Williams is reported to have told the group, among other things, that Greece’s desire to see a completed Parthenon was impossible to fulfill, as much of it had been destroyed long before Elgin’s arrival in Greece.

“There will never be a magical moment of reunion, as half of the Parthenon sculptures are lost forever. They were destroyed from the end of the 17th century before Elgin came to Athens,” he said, noting that now the sculptures are very well preserved.

The new announcement comes just days after UNESCO announced that Greece and the UK agree to hold official talks about the return of the sculptures of the Parthenon. In a statement published in the Guardian on Sunday, Greek Culture Minister Lina Mendoni denied this and accused Lord Elgin, then Britain’s ambassador to the Ottoman Empire, of committing serial theft.

“Over the years, the Greek authorities and the international scientific community, with unwavering arguments, have demonstrated the true events associated with the dismantling of the Parthenon sculptures,” said Mendoni.

“Lord Elgin used illegal and unfair means to confiscate and remove the Parthenon sculptures without real legal permission to do so, in a flagrant act of theft,” the minister stressed.
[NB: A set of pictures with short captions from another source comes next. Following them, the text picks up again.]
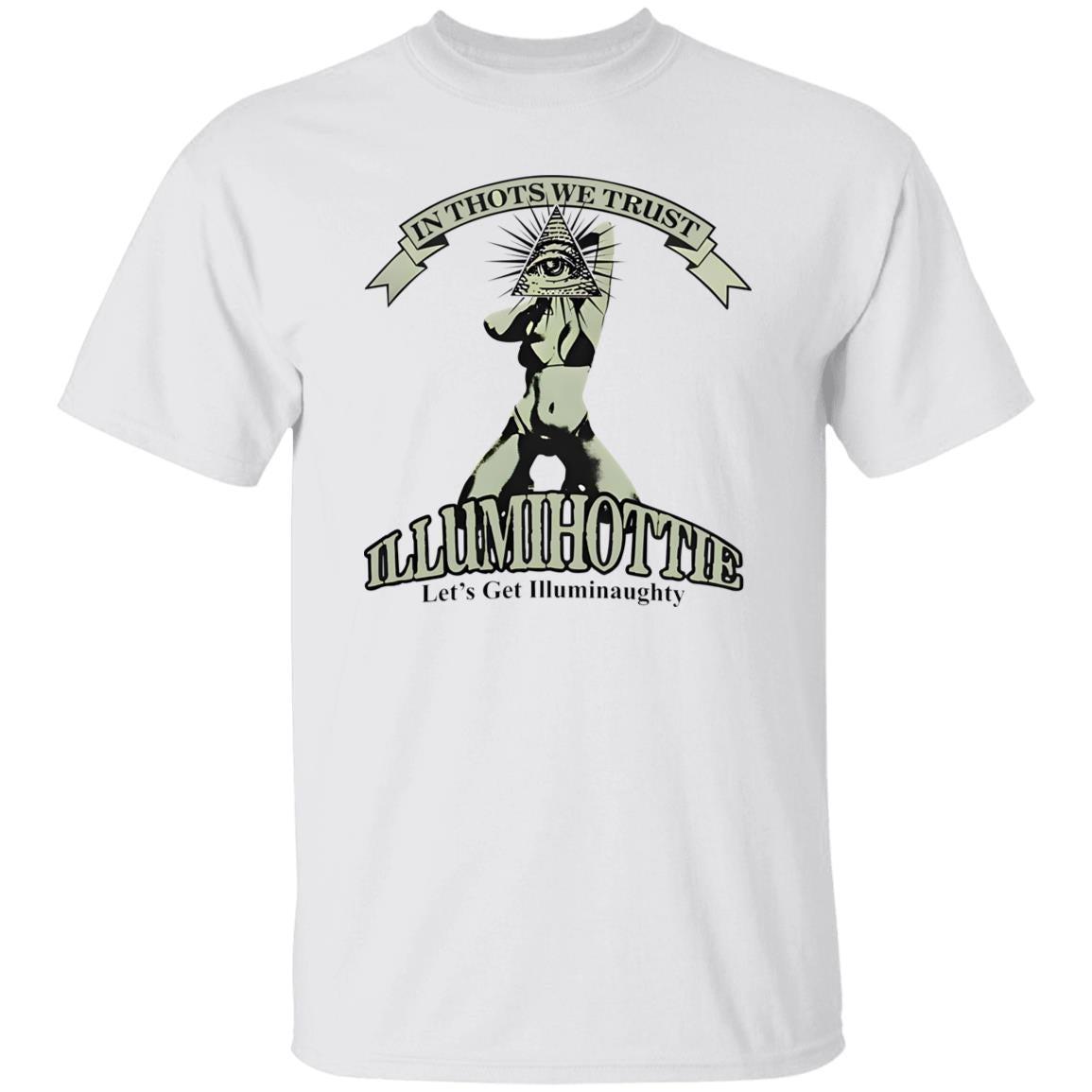In Thots We Trust Illumihottie Let’s Get Illuminaughty Shirt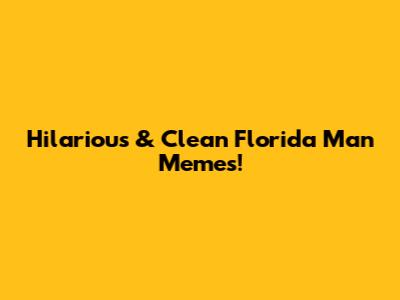 Hilarious & Clean Florida Man Memes!
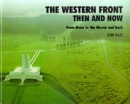 Western Front: Then and Now - From Mons to the Marne and Back - Book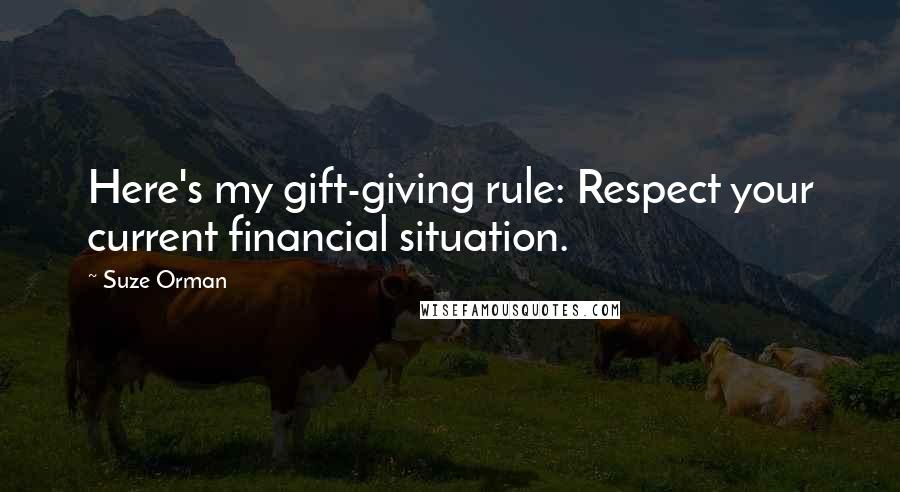 Suze Orman Quotes: Here's my gift-giving rule: Respect your current financial situation.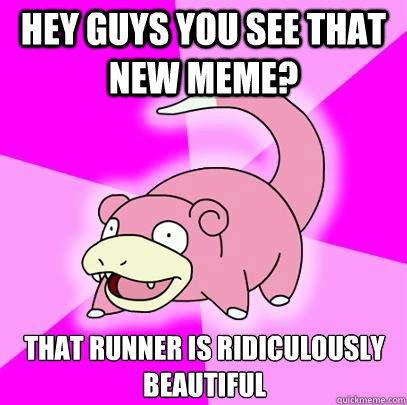 Hey guys you see that new meme? that runner is ridiculously beautiful  Slowpoke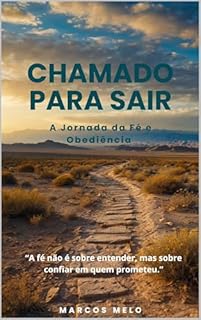 Livro Chamado para Sair: A Jornada da Fé e Obediência.: "A fé não é sobre entender, mas sobre confiar em quem prometeu."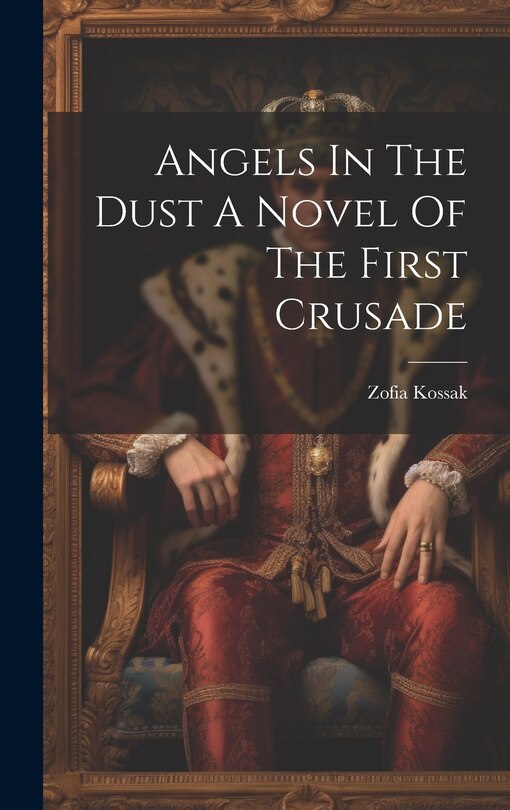 Front cover_Angels In The Dust A Novel Of The First Crusade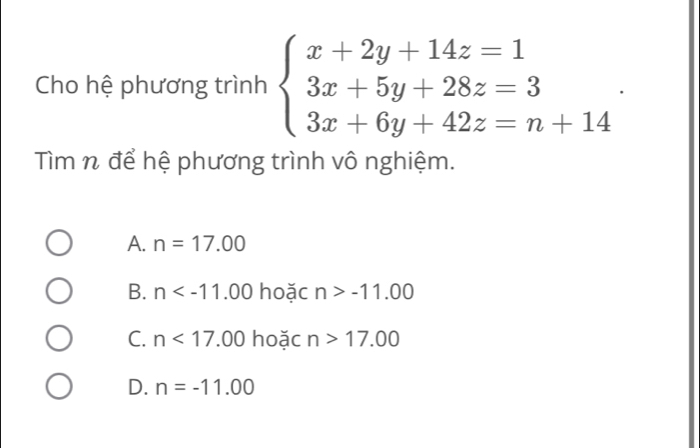 Cho hệ phương trình beginarrayl x+2y+14z=1 3x+5y+28z=3 3x+6y+42z=n+14endarray.. 
Tìm n để hệ phương trình vô nghiệm.
A. n=17.00
B. n hoặc n>-11.00
C. n<17.00 hoặc n>17.00
D. n=-11.00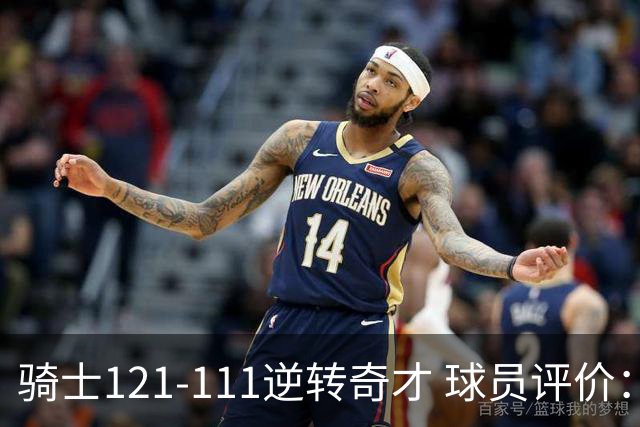 骑士121-111逆转奇才 球员评价：4人优秀，6人及格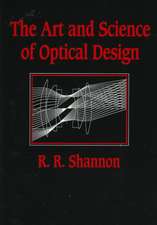 The Art and Science of Optical Design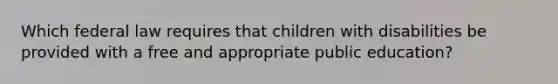 Which federal law requires that children with disabilities be provided with a free and appropriate public education?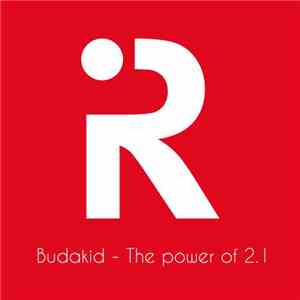 Budakid - The Power Of 2.1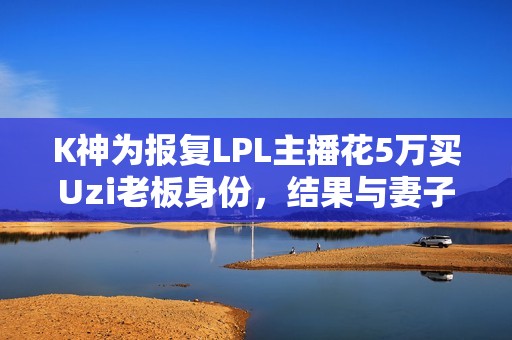 K神为报复LPL主播花5万买Uzi老板身份，结果与妻子感情生变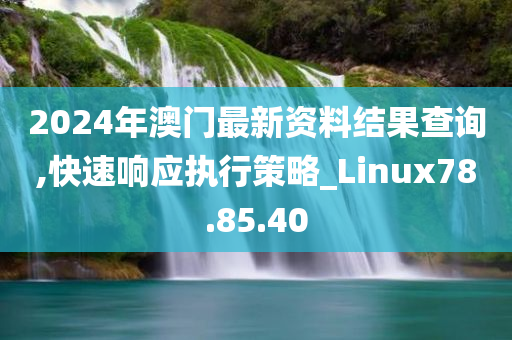 2024年澳门最新资料结果查询,快速响应执行策略_Linux78.85.40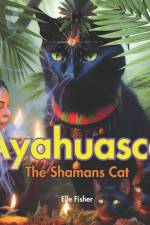 Ayahuasca, The Shamans Cat af Elle Fisher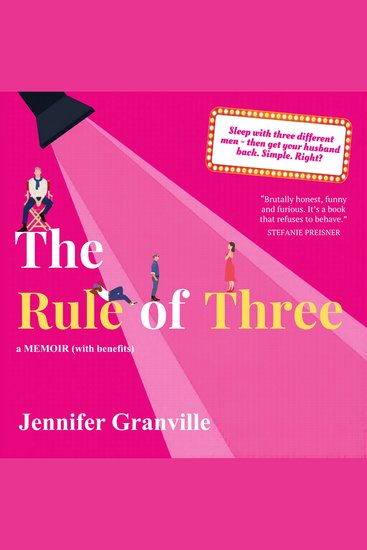 The Rule of Three - a Memoir (with benefits) - cover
Lina Mendoni refers to a fact that has recently become known falsification of documents for the export of the friezes of the Parthenon on the part of Lord Elgin, when it turned out that a copy of the document, according to his research, masquerading as company with permissionis a forgery, probably concocted by Elgin’s private secretary.

“Actually, most of the friezes were taken from the rubble around the Parthenon… These objects were not cut out of the building as expected,” Williams said during the meeting. “We did not forcibly seize them, they lay in rubble,” the British say, “There will never be a magical moment of reunion, since half of the Parthenon sculptures are lost forever. They were destroyed before Elgin came to Athens.”